● WORK INSTRUCTIONS
Starting at the line that contains "114 President Avenue, Andrews Farm SA 5114", print each line exactly through the end of the listing. Skip any pictures and add nothing.

● INFORMATION SHOWN
########################################

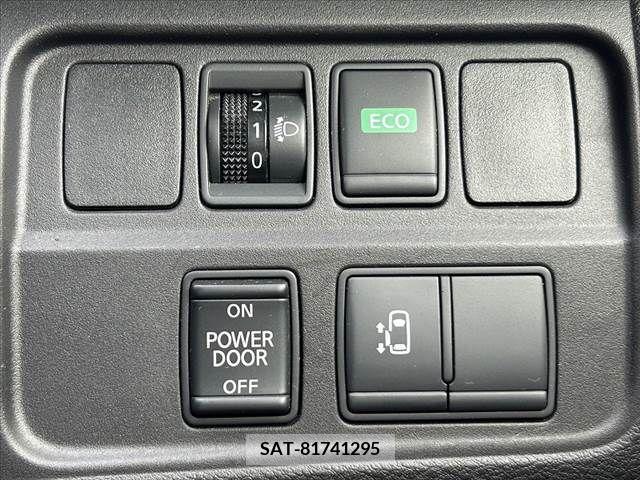 Nissan SERENA 2016-10 324860-5
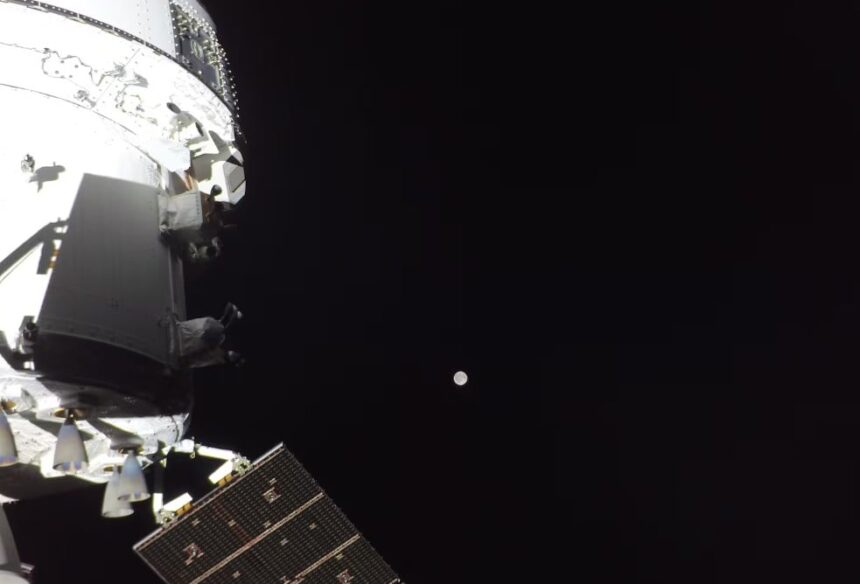 artemis-ii-avanza-hacia-la-luna:-la-nasa-confirmo-que-la-tripulacion-ya-recorrio-la-mitad-del-viaje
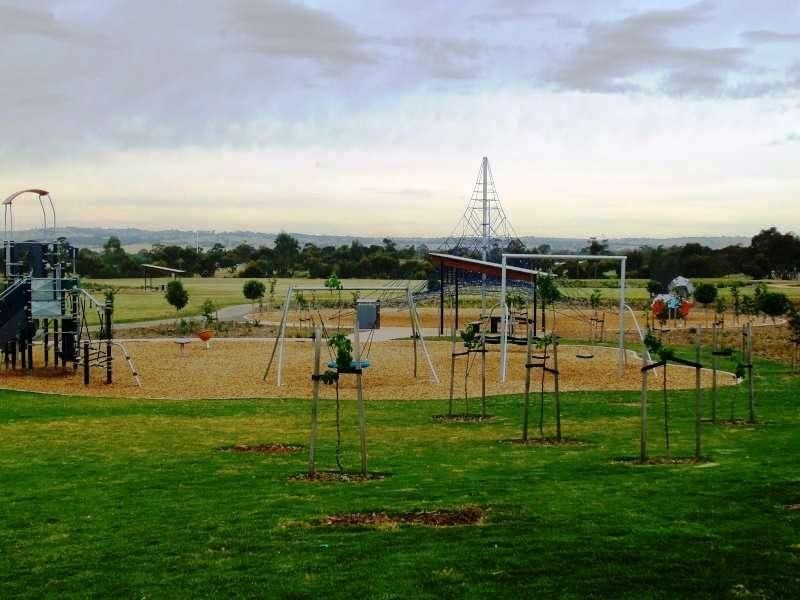 114 President Avenue, Andrews Farm SA 5114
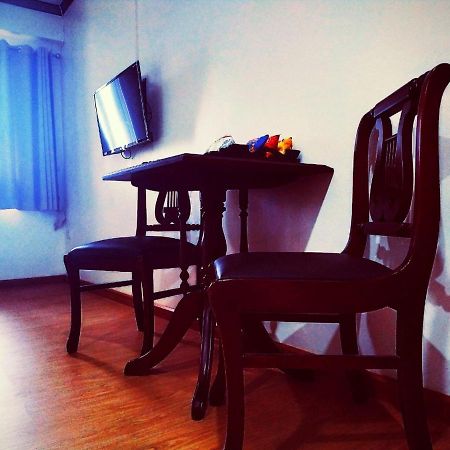 Beerapan Hotel Бангкок Экстерьер фото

########################################

● EXERCISE SOLUTION
 114 President Avenue, Andrews Farm SA 5114
 Beerapan Hotel Бангкок Экстерьер фото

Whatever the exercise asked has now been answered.